Réalisateur : Patrick Hughes
Acteurs : Sylvester Stallone, Jason Statham, Arnold Schwarzenegger, Mel Gibson, Antonio Banderas, Harrison Ford, Wesley Snipes…
Genre : Troisième comeback
Date de sortie française : 20 août 2014
Nationalité : USA, France
Durée : 2h07
Classification : Avertissement
Sly et ses potes remettent le couvert pour une troisième aventure plus inégale mais toujours aussi réjouissante.
De film en film, la saga Expendables se confirme moins comme une renouveau que comme une redécouverte du cinéma d’action des années 80-90. Il faut y voir une énorme malle au trésor, ouverte après une décennie d’oubli par des quadras nostalgiques ou par leur progéniture, curieuse et attendrie par ces morceaux d’une pop-culture cinéphile aux relents reaganiens. Au-delà des VHS usées par le temps, la franchise menée par ce cher Sylvester Stallone rappelle les vieilles figurines à l’effigie des membres de son casting, que l’on ressortirait pour jouer avec une dernière fois.

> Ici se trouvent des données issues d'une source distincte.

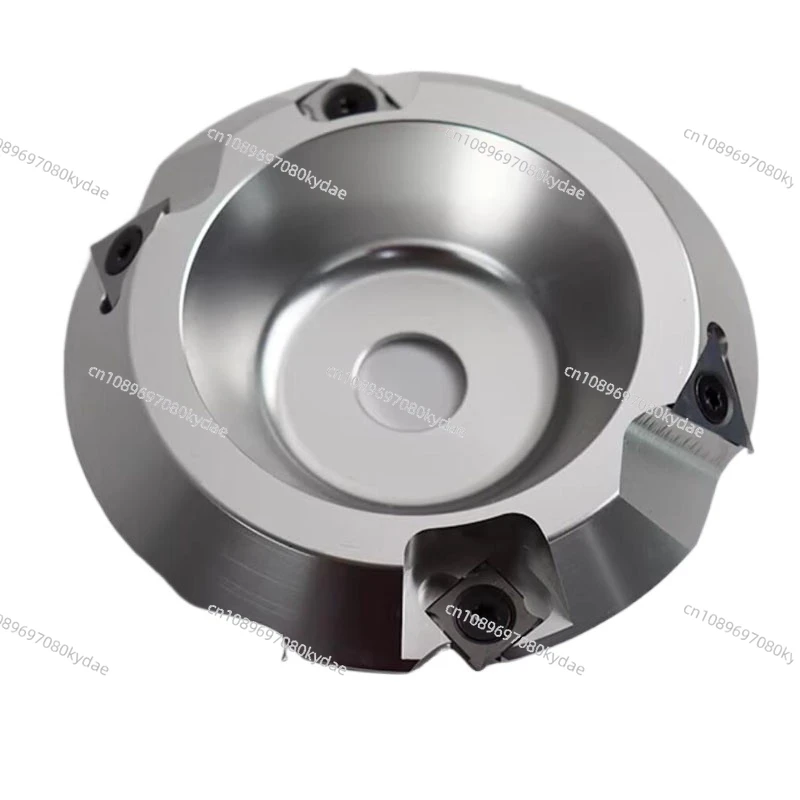 

XY-ZPD001 90° Slotting Cutter Head Right-Angle Grooving Milling Cutter Head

Grâce à ses têtes d’affiche sorties du formole de plus en plus nombreuses, ce troisième opus n’est pas sans rappeler, dans un tout autre registre, La Grande Aventure Lego. Il n’est plus tant question de se moquer des codes d’écriture du siècle passé en livrant le scénario le plus convenu possible, mais de s’imaginer dans la tête d’un enfant durant les heures de gloire de ces tas de muscles ridés. En tenant dans une main un Terminator en plastique, et dans l’autre un Rambo, tout est prétexte à un concours de one-liners et de caméos d’autres jouets, afin de préparer ce joli petit monde à des batailles d’anthologie.
Roulez jeunesse !
Malheureusement, Expendables 3 souffre du syndrome over the top de ce type de licences. Le second degré et l’humilité des précédents volets y est moins présent, ce qui lui fait perdre, en plus de son aspect jouissif, une bonne partie de sa réflexion quasi-méta sur la vieillesse et l’immortalité des icônes. En ayant trop peur de simplement copier la recette des précédents volets (ce qu’il finit par faire de toute façon), le long-métrage tente d’appuyer un contraste entre ses vieux briscards et de nouvelles recrues au sang neuf mais fade, histoire de montrer qui sont les patrons tout en cherchant à se mettre dans la poche un public plus jeune. Cette volonté de coller à la génération Y pervertit l’esprit de la saga et, surtout, la standardise. Cela a pour principal défaut de gâcher (un peu) la mise en scène du non moins volontaire Patrick Hughes, qui a l’obligation de délaisser l’ultra-violence des deux premiers films pour un montage plus cut adapté au PG-13. De plus, cette contrainte essaye maladroitement de dissimuler les méthodes de « tricherie » de nos papys de l’action (à savoir les doublures). Également peu aidés par des effets spéciaux numériques pour la plupart décevants, ces stars déchues en viennent à perdre, durant quelques instants, l’intemporalité qu’ils tentent d’instaurer dans leurs aventures, et qui fait le sel d’Expendables.
L’amour du risque.
Les défauts de ce numéro trois sont donc majoritairement dus à la production, tant la réalisation de Hughes transpire de l’amour qu’il porte à ses gueules cultes, burinées et ridées. Jamais la caméra ne s’est autant approchée des corps pour chercher l’âme cachée sous la tonne de muscles. Plus mélancolique que ses prédécesseurs, Expendables 3 trouve paradoxalement ses moments d’émotions dans ses pauses narratives. Certes, on a du mal à croire au démantèlement de l’équipe, mais ce dernier permet de dépeindre ses membres immobiles, accoudés seuls à un bar ou assis dans leur chambre d’hôtel, à réfléchir sur ce qu’ils ont accompli jusqu’alors, et surtout, sur ce qu’ils savent faire. Mais que savent-ils faire, à part tuer ? Rien justement, et après une courte pensée faussement anti-manichéenne sur le sens moral de leurs actions, le film repart plus que jamais dans l’esthétisation d’une violence fun qu’ils sont les seuls à maîtriser. Le combat de ces vétérans pour rester dans l’arène devient dès lors celui du cinéaste, qui résiste comme il peut au cahier des charges en augmentant de manière croissante les travellings majestueux et autres mouvements de caméra bien plus travaillés qu’une simple shaky cam.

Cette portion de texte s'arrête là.